Provincial / State sides
- Years: Team / Apps / (Points)
- 1988–1992: Canterbury / 84 / (81)

International career
- Years: Team / Apps / (Points)
- 1988: New Zealand Colts / 4 / (4)
- 1996–1999: Japan / 25 / (15)

Coaching career
- Years: Team
- 2000: Toshiba Fuchu
- 2004: Kamaishi Seawaves
- 2005: Coca-Cola Red Sparks
- 2011: NTT DoCoMo Red Hurricanes
- 2012: Kwansei Gakuin University RFC

= Andrew McCormick (rugby union) =

Japan international rugby union player

Andrew Fergus McCormick (アンドリュー・マコーミック; born 5 February 1967) is a New Zealand-born Japanese rugby union coach and former player.

The son of All Black Fergie McCormick, McCormick (nicknamed "Angus") was educated at Christchurch Boys' High School and came to Japan to play for Toshiba Fuchu in 1992. He was a powerful centre who had a large impact and played 25 times for the Japan national rugby union team, which he captained during the 1999 Rugby World Cup.
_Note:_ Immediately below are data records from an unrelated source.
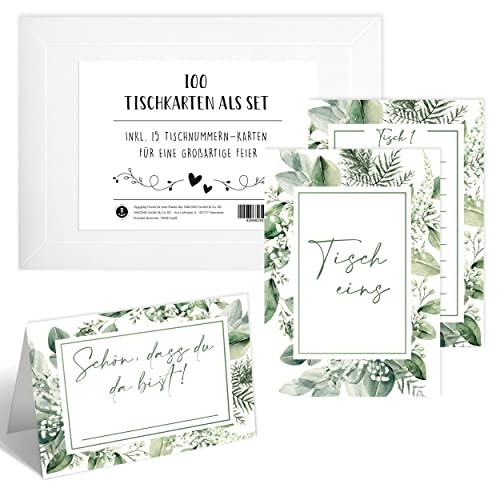 Hyggelig Home 100 Tischkarten Hochzeit Platzkarten Geburtstag - Schön dass du da bist Namensschilder zum selbst beschriften DIN A7 - inklusive 15 Tischnummer Karten - Eukalyptus Hyggelig Home 100 Tischkarten Hochzeit Platzkarten Geburtstag - Schön dass du da bist Namensschilder zum selbst beschriften DIN A7 - inklusive 15 Tischnummer Karten - Eukalyptus von Hyggelig Home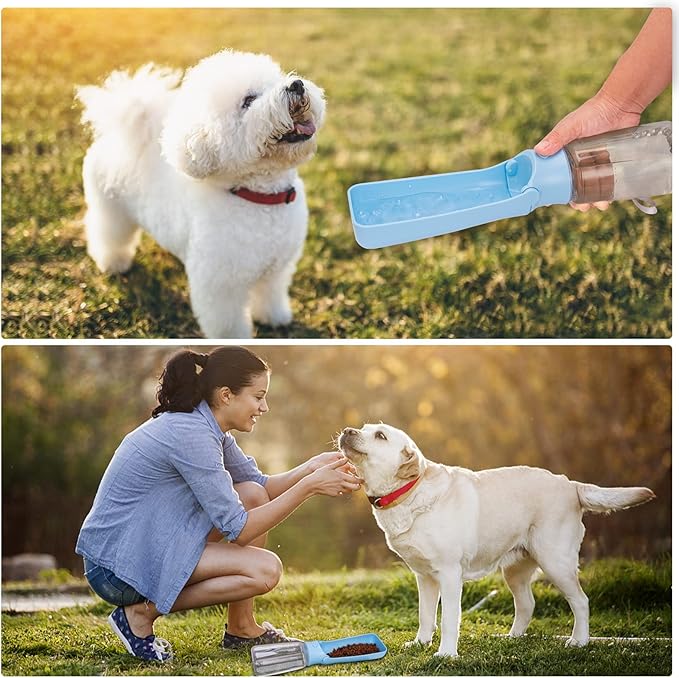Portable Dog Water Bottle, Foldable Dog Water Bottle Leak Proof Dispenser for Puppy Small Medium Large Dogs, Pet Drink Cup for Walking Hiking Traveling(SkyBlue,19oz)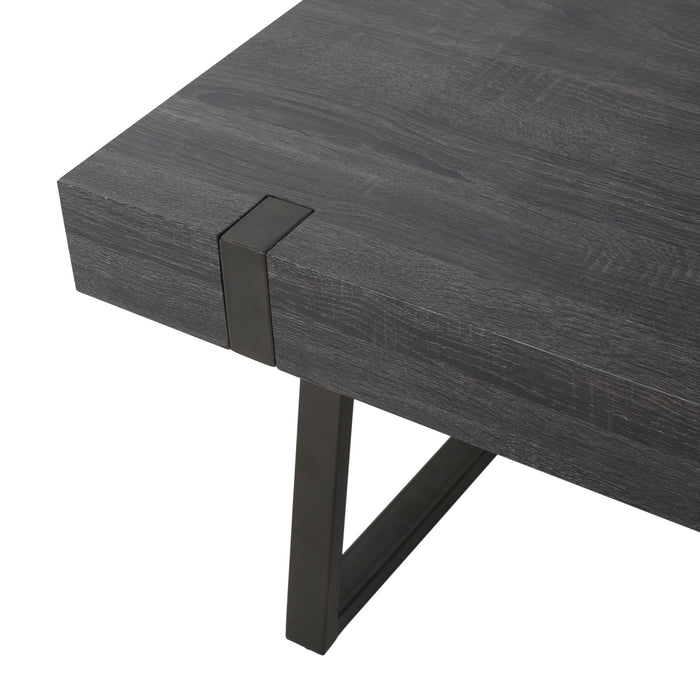 Abitha - Coffee Table With Industrial Powder Coated Metal Legs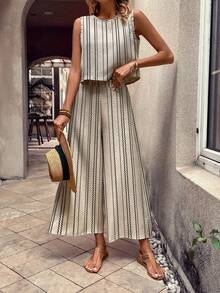 Women's Striped Elegant Casual Party Cable Knit 2 Pieces Set, Summer Beach - Apricot - View 2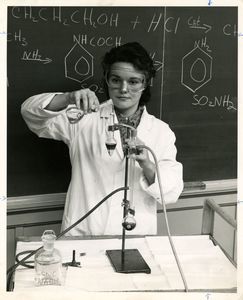Suffolk University student in the laboratory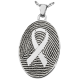B&B Oval Fingerprint Jewelry with Awareness Ribbon -  - FPAR-501/3507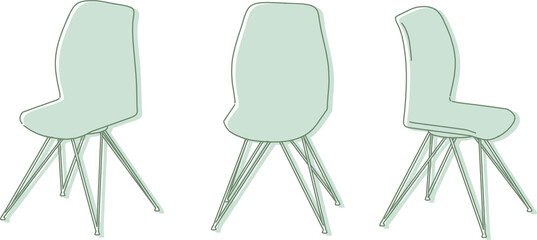 様々な角度のポップなデザインの椅子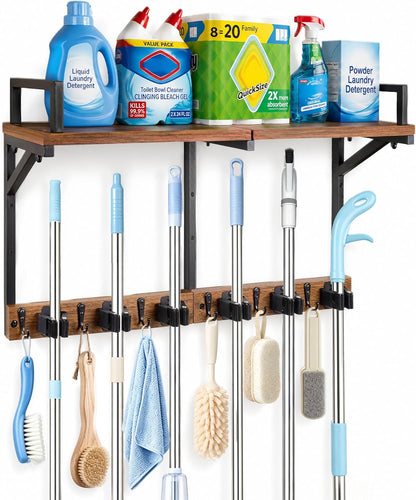 Lorbro Broom Holder Wall Mount with Cleaning Supplies Storage, Heavy Duty Broom and Mop Organizer Wall Hanging, Wooden Mop Organizer Hanger, 3 in 1 Storage Shelves for Laundry Room, Garage, Closet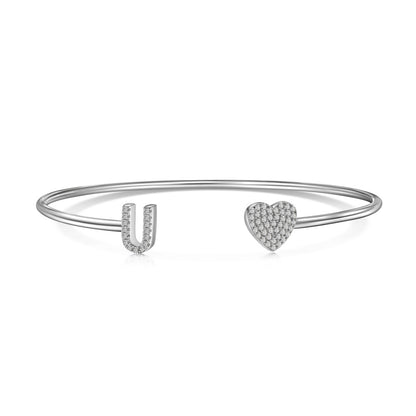 S925 Sterling Silver English Letter Bracelet for Women with Micro Pave Zirconia, Light Luxury Personality Style Bracelet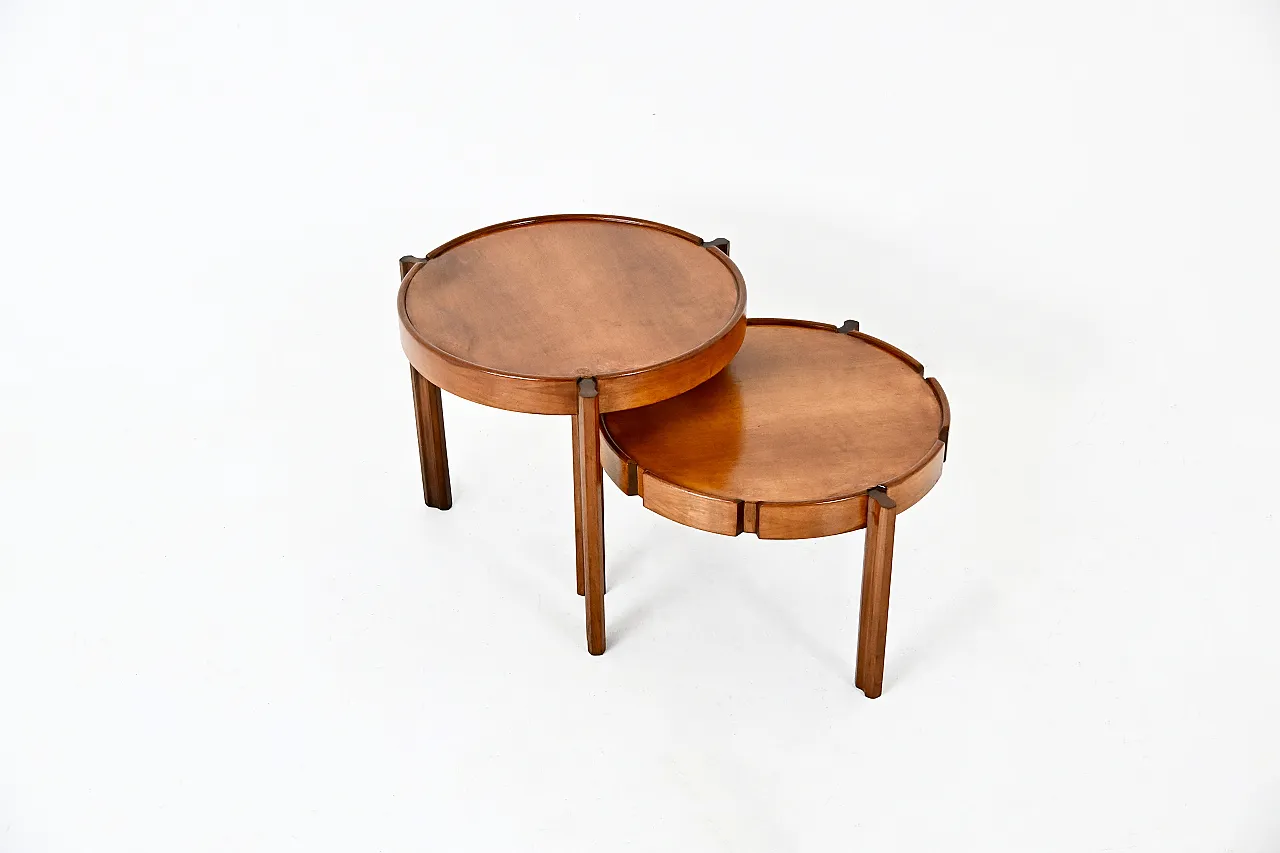 Italian Wooden Nesting Tables, 1950s, set of 2 1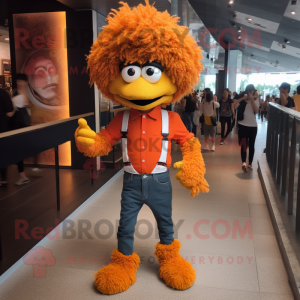 Orange Fried Chicken mascot costume character dressed with a Skinny Jeans and Suspenders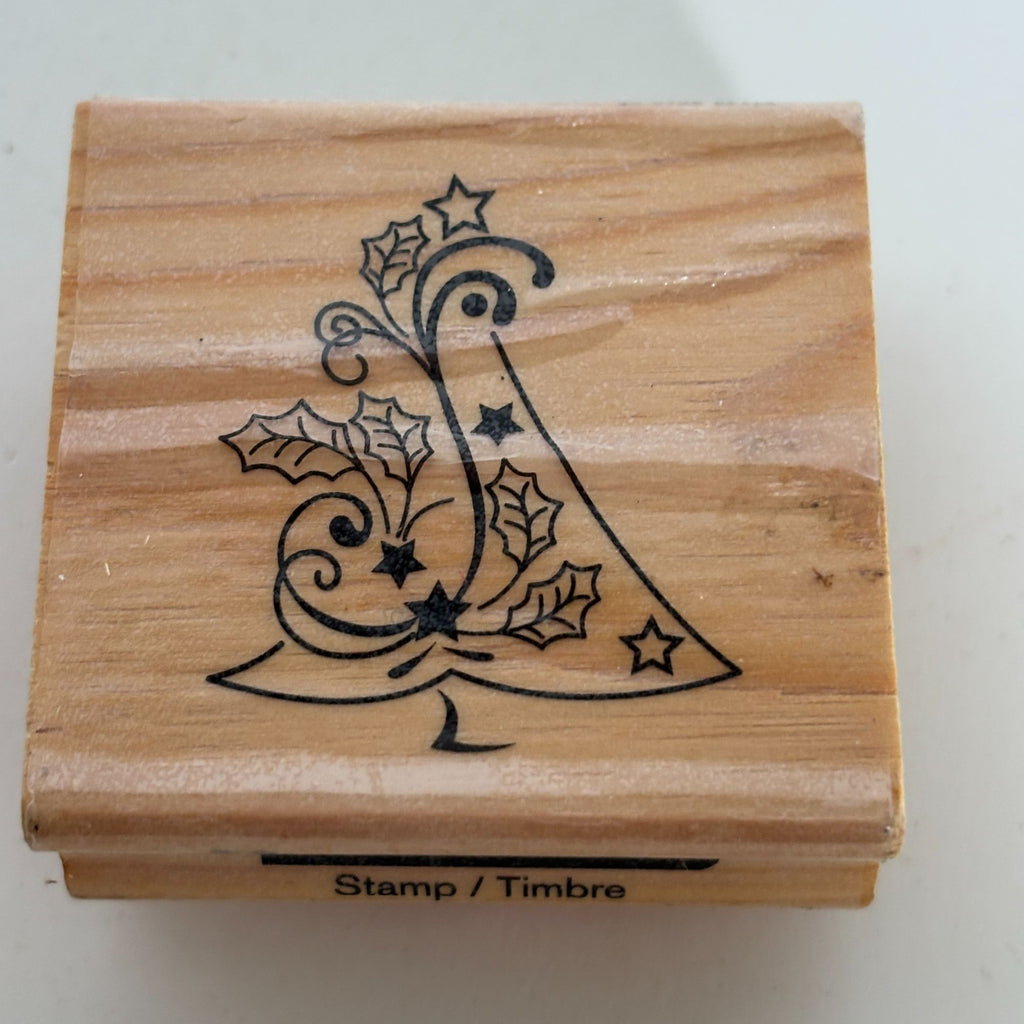 CraftSmart Wood Mounted Rubber Stamp Christmas Tree Holly Holiday Card Making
A hugely popular player, he began coaching at Toshiba and then became a player (2002) and technical adviser (2004) at Kamaishi Seawaves.

On 23 March 2005, it was announced that McCormick would take up a post as backs coach at Coca-Cola West Japan on the invitation of head coach Shogo Mukai.

McCormick is currently Head Coach of Kwansei Gakuin University’s rugby club.